One of the latest indicators suggests that Australia’s construction sector could be seeing a general recovery. The Australian Performance of Construction Index (PCI) for Jun-16 had gained 6.5 points MoM to 53.2, reportedly the highest rate of expansion since Aug-15.

Meanwhile, Tat Hong’s Australian subsidiary Tutt Bryant Group has not been spared from increased competition amid a weak environment in Australia. While the construction industry could be recovering, the contributions are still largely coming from the residential sub-sectors and the group ultimately has to win new projects, especially from nonresidential sub-sectors.

Inexpensive valuations for sector

As of the company’s latest announcement on 15 Jun, we understand discussions are still on-going regarding a potential transaction that may or may not lead to an acquisition of the issued share capital of the company. We note that the crane rental industry has been facing a prolonged challenging period and local companies have seen a de-rating in valuations to inexpensive levels. Thus further consolidation may naturally occur in the sector.

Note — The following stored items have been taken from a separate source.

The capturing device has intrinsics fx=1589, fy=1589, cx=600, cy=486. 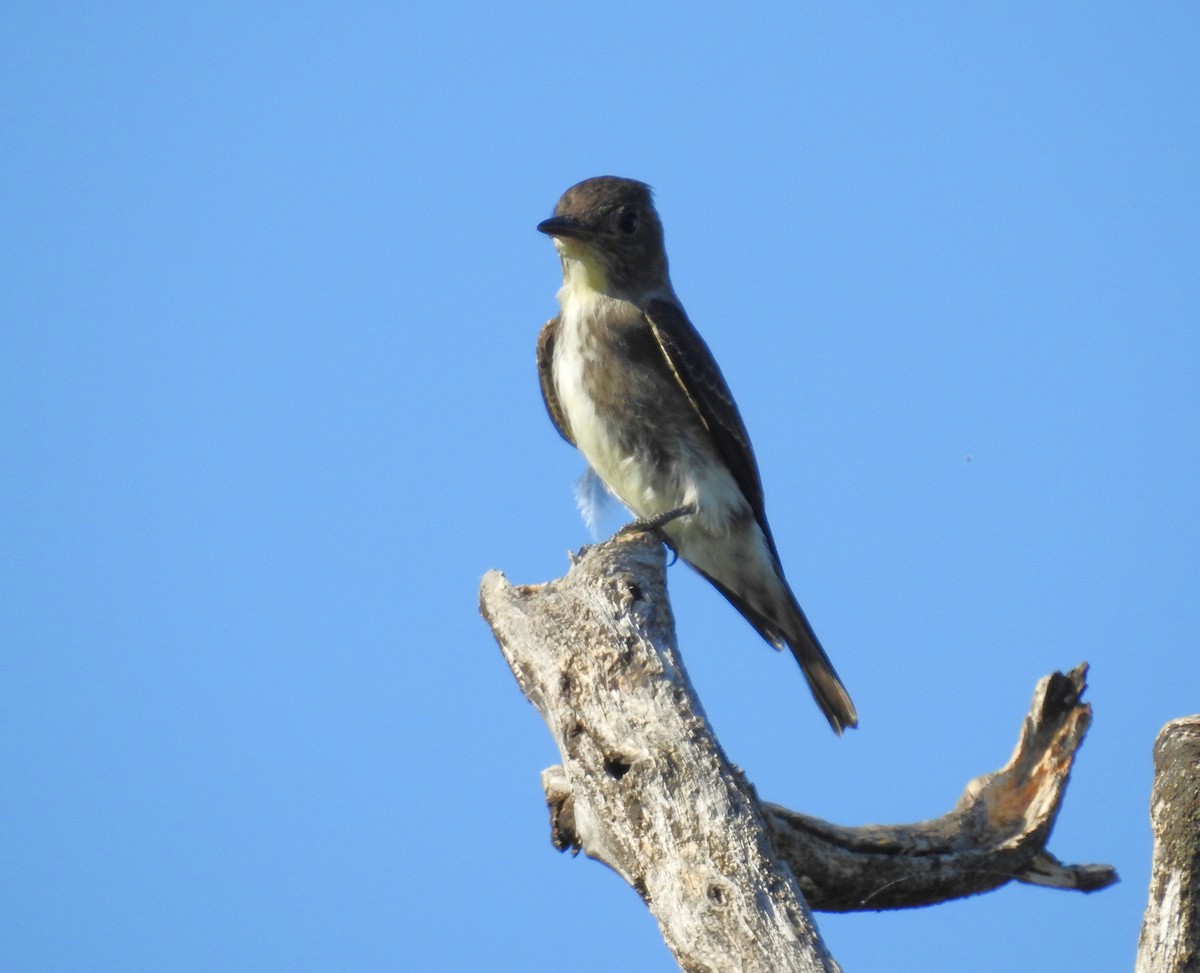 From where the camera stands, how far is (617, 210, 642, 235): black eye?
9.00 meters

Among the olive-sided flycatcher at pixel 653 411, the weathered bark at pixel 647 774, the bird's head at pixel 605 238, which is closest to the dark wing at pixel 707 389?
the olive-sided flycatcher at pixel 653 411

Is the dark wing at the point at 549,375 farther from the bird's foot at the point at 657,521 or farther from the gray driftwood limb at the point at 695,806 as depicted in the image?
the gray driftwood limb at the point at 695,806

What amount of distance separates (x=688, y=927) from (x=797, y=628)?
13.5 feet

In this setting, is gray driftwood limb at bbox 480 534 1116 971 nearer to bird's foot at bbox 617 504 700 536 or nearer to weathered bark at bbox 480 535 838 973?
weathered bark at bbox 480 535 838 973

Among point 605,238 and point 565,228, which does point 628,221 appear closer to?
point 605,238

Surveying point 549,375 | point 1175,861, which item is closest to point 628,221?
point 549,375

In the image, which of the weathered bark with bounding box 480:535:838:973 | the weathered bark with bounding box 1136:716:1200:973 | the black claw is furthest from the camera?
the black claw

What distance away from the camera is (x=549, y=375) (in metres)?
9.57

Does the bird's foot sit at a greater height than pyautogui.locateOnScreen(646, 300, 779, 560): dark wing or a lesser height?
lesser

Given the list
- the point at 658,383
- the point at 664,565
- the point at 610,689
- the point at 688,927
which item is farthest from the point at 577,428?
the point at 688,927

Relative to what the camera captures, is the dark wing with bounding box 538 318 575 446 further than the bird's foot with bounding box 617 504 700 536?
Yes

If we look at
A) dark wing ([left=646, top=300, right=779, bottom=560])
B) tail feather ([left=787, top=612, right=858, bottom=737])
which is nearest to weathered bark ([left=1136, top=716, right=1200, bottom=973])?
tail feather ([left=787, top=612, right=858, bottom=737])

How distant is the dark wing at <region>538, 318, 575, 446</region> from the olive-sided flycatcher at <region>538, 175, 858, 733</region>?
28cm

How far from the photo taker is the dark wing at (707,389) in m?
8.74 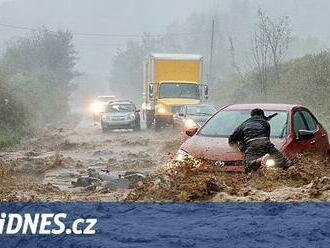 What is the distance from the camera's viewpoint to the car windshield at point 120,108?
106 ft

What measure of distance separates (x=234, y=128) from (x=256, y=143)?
1447 millimetres

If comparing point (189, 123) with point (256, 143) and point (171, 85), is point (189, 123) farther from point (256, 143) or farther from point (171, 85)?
point (256, 143)

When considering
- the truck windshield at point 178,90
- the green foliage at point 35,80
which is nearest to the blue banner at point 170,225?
the green foliage at point 35,80

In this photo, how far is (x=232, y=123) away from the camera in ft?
36.3

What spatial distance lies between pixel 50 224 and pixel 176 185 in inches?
89.0

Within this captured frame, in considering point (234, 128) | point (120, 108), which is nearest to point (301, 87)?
point (120, 108)

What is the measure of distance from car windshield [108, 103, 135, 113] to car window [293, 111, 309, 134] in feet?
69.7

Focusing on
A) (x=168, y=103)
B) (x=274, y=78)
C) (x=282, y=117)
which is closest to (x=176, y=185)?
(x=282, y=117)

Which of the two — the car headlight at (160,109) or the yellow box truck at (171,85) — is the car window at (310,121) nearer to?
the yellow box truck at (171,85)

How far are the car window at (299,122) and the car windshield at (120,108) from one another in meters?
21.3

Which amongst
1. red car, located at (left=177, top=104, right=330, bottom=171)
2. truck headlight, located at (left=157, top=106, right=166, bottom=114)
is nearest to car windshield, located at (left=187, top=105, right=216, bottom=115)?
truck headlight, located at (left=157, top=106, right=166, bottom=114)

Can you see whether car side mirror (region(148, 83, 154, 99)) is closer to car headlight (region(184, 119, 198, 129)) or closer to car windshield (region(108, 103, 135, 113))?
car windshield (region(108, 103, 135, 113))

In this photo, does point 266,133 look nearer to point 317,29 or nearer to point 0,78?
point 0,78

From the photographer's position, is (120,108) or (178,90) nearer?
(178,90) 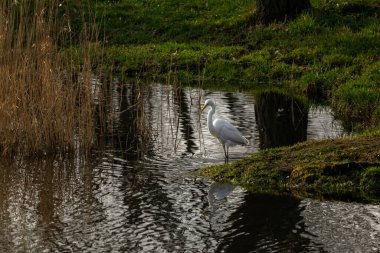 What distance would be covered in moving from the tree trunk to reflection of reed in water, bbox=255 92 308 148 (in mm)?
4261

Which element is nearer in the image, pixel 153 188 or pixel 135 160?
pixel 153 188

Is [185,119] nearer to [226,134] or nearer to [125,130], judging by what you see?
[125,130]

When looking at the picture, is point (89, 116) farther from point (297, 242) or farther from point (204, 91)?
point (204, 91)

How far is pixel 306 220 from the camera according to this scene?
924cm

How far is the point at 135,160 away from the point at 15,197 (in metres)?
2.35

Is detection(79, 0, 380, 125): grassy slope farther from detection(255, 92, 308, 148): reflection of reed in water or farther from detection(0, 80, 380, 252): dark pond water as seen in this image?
detection(0, 80, 380, 252): dark pond water

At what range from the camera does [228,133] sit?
12.3m

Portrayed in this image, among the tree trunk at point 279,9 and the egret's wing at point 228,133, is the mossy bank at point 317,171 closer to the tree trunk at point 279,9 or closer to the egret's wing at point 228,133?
the egret's wing at point 228,133

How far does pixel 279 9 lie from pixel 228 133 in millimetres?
9651

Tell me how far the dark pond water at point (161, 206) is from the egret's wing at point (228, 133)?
0.30m

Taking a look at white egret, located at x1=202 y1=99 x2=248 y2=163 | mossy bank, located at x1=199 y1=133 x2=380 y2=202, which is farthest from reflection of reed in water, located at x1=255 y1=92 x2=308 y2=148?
mossy bank, located at x1=199 y1=133 x2=380 y2=202

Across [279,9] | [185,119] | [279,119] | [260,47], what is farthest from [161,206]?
[279,9]

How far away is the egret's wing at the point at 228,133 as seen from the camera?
1229cm

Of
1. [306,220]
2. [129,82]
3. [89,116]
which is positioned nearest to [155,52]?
[129,82] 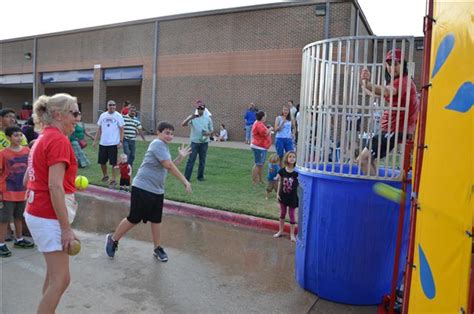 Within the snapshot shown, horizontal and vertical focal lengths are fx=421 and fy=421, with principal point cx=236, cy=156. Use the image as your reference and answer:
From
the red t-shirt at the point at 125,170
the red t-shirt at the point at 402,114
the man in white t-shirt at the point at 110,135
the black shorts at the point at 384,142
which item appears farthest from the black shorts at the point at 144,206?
the man in white t-shirt at the point at 110,135

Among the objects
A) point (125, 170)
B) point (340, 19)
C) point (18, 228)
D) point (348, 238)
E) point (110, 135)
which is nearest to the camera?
point (348, 238)

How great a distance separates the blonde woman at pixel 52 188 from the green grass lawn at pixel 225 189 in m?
4.26

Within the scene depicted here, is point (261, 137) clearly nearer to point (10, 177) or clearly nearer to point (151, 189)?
point (151, 189)

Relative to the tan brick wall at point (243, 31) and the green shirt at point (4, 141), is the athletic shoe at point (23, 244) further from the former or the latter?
the tan brick wall at point (243, 31)

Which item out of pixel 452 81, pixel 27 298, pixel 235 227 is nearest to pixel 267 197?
pixel 235 227

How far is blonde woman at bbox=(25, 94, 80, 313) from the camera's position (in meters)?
2.75

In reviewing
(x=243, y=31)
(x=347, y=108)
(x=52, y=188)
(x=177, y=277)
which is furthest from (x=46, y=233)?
(x=243, y=31)

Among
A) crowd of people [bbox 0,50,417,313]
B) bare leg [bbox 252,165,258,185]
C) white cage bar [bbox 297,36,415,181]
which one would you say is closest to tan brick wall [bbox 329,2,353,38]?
crowd of people [bbox 0,50,417,313]

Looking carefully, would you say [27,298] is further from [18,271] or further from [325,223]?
[325,223]

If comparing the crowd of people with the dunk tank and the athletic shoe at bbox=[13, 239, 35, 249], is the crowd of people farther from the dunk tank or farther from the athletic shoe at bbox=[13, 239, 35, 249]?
the dunk tank

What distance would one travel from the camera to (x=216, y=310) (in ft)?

Looking at the global crane industry, one of the latest M&A developments includes Austria’s Palfinger AG’s intention to make a takeover bid for Norwegian company TTS Group ASA at NOK5.60/share. This represents ~0.76x P/BV of the latter. For the local crane rental players (Tat Hong, Tiong Woon, Hiap Tong Corp, MS Holdings, Sin Heng), they are currently trading at an average of ~0.5x P/BV.

Keeping our HOLD rating

We reiterate that there is no certainty or assurance that the stated discussions will result in any transaction. Notwithstanding the potential acquisition, we believe China remains the bright spot for the group as they continue their costsaving measures, as well as clean up other noncore, unprofitable businesses.

We maintain our HOLD rating. Our fair value is raised from S$0.50 to S$0.55 based on slightly higher 0.6x P/BV (previous: 0.55x) as we believe the group should command a certain premium to its peers.